Several Amazon tribes figured out how to do this and apparently grew into simple civilizations about 500-1000 years because they discovered how to use this relatively simple technique of not burning wood but turning it into char. Thus they were able to really maximize the benefits of the warm moist climate by creating a soil that could handle those and conditions and even prosper in them. That is why these research became so excited about the potential of this approach because they saw it as way to reverse present patterns of entropy (meaning that we are on the whole reducing the viability of ecosystems to produce a certain amount of ecological value per unit of land or biomass) in regards to ecosystems losing productivity as they are dismantled for their component parts (wood, fibre, growing livestock, etc) by humanity. So the BioChar method they believe reverses this trend and that is why they are so excited by it.
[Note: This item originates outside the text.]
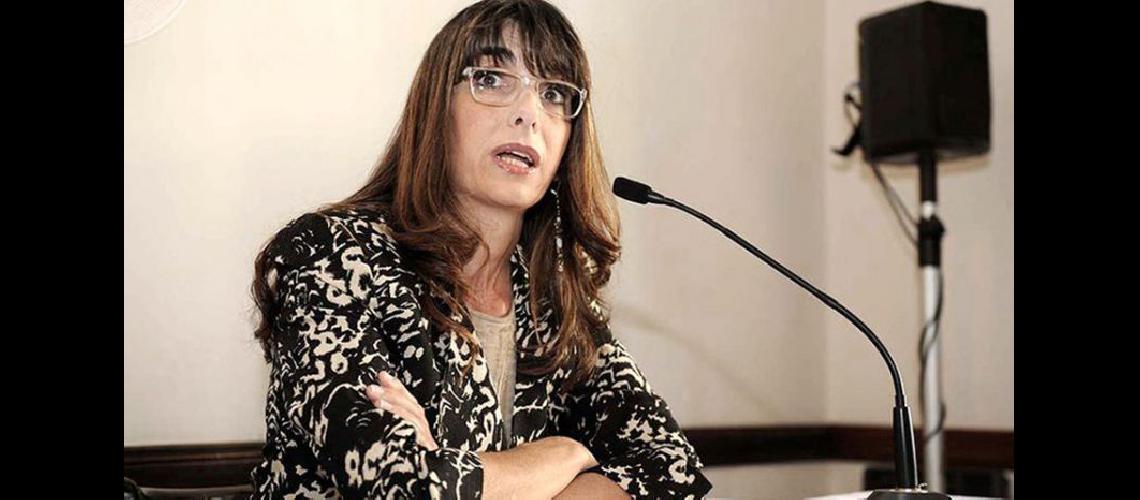  La ministra de Desarrollo Territorial y Hbitat María Eugenia Bielsa (A24COM)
Here an article in Nature documents the BioChar (Terra Preta) process http://www.nature.com/nature/journal/v442/n7103/full/442624a.html
However there are those who are quite unconvinced of this technology and they believe it is another hyped approach that is more talk than walk. The well known Guardian Columnist George Monbiot is one such skeptic: http://blogs.nature.com/climatefeedback/2009/03/the_biochar_backlash.html
The reality is that this movement has grown rapidly and now some of the leaders of the Global Climate Change movement are seeing it as a real solution (James Lovelock and James Hansen), which is interesting because I have been tracking it since I became aware that Jim Fournier (who started the Planetwork Conference in SF where I was first introduced to P2P concepts and ideas) invested in Eprida.
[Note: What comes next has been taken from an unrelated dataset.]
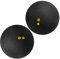LOORGVEL 2stücke Profi Squashbälle Für Training Flexibler Gummiball Mit Hoher Elastizität Für Fitnesslevel Kompakt Und Tragbar Für Intensives Training Und Übungen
In further exploring this idea I met Robert Flanigan an Irishman who travelled the world doing R&D first for Eprida and then on his own as a social entrepreneur in China, Indonesia and New Zealand. As alternative to Eprida's more sophisticated large scale approach and Fournier's medium scale business plan Robert is targeting the small farmer in emerging markets. I would think that his practical expertise, knowledge and research in the field might be worth looking into.
However Robert's approach is not automated and is really homestead or farm scale - the smallest scale. I assume from reading the below that what they are doing is at the community scale which may way be an ideal model to invest in, because that is something the development groups are going to want to give out grants to see it deployed on a large scale to mitigate global climate change.
The key problem is to make sure that this technology does not lead to the further depletion of our world's biomass stock, further degrade ecosystems and contribute to CO2 emissions that worsen GCC and that is the root of concerns about BioChar.
My point to all this is that if there can be a link to biochar and their process can be scaled at the community scale as a true appropriate technology then there is major potential because there is rapidly growing interest in BioChar as compared to just making a gasifier that eats up more of the world's finite wood stocks. The existing technologies and approaches need to be further studied to understand where things are at and what the potential blindspot of the existing competitiors are.